▸ Brief
The response should contain only those lines of the entries below that include the string "Label".
--- Data in this exercise ---
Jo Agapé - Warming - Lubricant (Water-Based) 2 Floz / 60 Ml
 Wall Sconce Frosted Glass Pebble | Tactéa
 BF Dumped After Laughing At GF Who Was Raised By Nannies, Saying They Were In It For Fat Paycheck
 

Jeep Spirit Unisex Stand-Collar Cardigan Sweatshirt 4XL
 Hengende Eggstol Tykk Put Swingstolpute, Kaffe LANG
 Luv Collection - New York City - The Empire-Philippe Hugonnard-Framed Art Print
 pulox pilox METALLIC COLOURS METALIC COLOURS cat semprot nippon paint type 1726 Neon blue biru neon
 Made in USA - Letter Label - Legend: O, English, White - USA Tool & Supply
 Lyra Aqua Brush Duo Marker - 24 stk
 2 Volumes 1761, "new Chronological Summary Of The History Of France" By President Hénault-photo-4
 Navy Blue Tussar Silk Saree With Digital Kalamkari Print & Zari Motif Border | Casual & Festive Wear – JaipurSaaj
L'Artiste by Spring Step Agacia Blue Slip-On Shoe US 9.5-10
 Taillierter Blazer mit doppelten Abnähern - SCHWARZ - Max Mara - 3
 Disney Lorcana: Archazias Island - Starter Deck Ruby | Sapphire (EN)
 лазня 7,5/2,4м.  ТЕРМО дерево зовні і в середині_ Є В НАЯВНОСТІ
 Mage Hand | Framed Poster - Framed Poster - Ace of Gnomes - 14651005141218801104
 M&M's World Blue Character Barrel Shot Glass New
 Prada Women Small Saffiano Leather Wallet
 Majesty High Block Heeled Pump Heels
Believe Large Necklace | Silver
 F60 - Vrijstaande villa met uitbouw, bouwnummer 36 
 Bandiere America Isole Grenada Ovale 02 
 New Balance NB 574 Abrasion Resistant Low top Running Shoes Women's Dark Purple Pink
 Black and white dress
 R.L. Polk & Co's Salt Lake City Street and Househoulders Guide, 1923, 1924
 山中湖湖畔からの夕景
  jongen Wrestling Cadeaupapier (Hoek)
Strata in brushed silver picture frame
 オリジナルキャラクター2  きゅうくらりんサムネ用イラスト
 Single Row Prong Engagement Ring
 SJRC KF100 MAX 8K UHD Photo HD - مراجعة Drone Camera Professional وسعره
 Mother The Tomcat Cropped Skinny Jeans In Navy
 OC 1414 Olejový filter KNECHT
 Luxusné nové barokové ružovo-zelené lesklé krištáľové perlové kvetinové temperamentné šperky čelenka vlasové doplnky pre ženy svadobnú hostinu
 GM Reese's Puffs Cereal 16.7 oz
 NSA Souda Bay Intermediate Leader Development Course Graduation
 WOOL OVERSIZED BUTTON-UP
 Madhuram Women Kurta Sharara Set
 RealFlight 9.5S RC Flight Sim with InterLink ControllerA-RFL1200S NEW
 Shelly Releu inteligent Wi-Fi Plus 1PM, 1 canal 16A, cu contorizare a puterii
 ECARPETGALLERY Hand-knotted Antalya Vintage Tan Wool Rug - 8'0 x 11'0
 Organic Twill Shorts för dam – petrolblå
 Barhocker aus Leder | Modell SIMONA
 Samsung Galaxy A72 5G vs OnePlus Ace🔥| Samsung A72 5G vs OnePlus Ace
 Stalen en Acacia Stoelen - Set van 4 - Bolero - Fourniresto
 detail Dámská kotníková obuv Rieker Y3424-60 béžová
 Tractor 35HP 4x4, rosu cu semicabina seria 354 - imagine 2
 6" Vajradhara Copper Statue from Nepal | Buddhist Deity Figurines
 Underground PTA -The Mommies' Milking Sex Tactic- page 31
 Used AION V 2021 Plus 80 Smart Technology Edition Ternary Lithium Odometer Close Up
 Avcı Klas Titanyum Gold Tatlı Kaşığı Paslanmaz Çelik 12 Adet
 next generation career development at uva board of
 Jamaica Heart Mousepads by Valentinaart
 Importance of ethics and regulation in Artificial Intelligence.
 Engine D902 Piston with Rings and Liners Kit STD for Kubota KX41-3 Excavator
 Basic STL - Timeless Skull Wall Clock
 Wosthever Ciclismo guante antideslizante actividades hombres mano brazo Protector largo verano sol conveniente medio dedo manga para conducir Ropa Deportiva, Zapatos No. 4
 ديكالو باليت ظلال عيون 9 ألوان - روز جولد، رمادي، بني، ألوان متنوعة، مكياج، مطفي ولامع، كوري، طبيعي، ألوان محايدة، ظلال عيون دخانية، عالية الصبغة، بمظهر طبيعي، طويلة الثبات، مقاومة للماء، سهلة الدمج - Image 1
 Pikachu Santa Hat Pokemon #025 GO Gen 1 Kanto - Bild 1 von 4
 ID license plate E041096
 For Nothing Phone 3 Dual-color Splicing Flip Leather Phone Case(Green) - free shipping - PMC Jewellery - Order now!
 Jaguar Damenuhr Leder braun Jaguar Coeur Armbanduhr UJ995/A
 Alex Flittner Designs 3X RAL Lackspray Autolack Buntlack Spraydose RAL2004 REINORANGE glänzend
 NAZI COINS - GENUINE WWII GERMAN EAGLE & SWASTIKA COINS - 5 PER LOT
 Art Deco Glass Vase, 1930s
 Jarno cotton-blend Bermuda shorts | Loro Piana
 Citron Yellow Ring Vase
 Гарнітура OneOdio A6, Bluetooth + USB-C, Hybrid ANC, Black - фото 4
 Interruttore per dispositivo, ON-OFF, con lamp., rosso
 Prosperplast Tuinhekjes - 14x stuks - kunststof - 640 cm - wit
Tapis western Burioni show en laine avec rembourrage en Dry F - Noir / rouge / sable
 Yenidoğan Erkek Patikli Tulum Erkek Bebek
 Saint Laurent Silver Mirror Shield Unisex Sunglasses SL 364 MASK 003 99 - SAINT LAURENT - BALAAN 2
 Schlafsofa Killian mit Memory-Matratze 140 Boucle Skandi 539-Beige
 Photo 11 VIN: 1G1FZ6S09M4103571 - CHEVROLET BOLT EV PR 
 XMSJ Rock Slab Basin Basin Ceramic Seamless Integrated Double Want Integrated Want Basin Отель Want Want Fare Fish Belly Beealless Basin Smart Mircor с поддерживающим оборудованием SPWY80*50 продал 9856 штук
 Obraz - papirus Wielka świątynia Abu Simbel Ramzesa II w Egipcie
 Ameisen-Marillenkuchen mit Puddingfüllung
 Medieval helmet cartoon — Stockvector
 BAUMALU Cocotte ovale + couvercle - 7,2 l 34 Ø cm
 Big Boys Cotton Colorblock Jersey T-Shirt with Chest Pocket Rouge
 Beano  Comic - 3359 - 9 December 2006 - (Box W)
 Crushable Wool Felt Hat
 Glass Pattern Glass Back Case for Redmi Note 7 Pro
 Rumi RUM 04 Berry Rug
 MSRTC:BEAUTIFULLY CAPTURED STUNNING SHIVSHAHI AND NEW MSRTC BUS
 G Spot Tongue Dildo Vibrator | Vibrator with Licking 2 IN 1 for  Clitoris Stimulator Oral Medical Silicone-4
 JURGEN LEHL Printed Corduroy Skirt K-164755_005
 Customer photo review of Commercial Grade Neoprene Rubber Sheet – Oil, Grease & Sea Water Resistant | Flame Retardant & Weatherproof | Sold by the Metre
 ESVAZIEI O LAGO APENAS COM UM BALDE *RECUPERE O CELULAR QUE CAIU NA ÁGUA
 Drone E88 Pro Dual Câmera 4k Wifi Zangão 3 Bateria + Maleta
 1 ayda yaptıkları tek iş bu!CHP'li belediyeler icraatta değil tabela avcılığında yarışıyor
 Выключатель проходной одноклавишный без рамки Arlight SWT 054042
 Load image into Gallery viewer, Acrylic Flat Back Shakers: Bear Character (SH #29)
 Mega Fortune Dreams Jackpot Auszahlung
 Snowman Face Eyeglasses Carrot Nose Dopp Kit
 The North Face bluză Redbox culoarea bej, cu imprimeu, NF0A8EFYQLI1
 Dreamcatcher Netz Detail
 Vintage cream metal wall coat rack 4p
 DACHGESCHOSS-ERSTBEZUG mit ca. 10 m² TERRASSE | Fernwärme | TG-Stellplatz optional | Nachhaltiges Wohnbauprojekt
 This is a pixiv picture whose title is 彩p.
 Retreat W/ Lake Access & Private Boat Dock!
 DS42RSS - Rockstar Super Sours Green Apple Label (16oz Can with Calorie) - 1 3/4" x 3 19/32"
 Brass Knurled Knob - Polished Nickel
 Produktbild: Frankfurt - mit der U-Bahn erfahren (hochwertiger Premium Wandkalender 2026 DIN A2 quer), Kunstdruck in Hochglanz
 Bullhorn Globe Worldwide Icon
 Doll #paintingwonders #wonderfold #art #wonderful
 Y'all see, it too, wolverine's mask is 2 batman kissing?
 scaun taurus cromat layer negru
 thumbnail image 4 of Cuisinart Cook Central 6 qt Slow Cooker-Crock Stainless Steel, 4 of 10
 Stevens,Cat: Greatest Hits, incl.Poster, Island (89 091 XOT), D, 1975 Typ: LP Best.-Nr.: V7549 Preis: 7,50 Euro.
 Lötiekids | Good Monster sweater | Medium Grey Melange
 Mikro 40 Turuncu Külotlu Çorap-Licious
---
▸ Task response
 Made in USA - Letter Label - Legend: O, English, White - USA Tool & Supply
 DS42RSS - Rockstar Super Sours Green Apple Label (16oz Can with Calorie) - 1 3/4" x 3 19/32"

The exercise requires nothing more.